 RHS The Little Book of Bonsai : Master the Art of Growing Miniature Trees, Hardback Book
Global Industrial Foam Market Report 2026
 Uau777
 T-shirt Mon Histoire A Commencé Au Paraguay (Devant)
* * * *
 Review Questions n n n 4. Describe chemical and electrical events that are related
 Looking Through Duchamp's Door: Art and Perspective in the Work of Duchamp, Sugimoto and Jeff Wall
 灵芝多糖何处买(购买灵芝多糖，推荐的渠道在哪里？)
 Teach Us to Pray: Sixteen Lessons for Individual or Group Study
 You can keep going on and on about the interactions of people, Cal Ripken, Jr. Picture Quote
* * * *
ACTION ITEM: Taking the entries above, write out exactly the lines starting with the line containing "Teach Us to" and going on through the line containing "You can keep", both included, and nothing else.

REPLY TO THE EXERCISE:
 Teach Us to Pray: Sixteen Lessons for Individual or Group Study
 You can keep going on and on about the interactions of people, Cal Ripken, Jr. Picture Quote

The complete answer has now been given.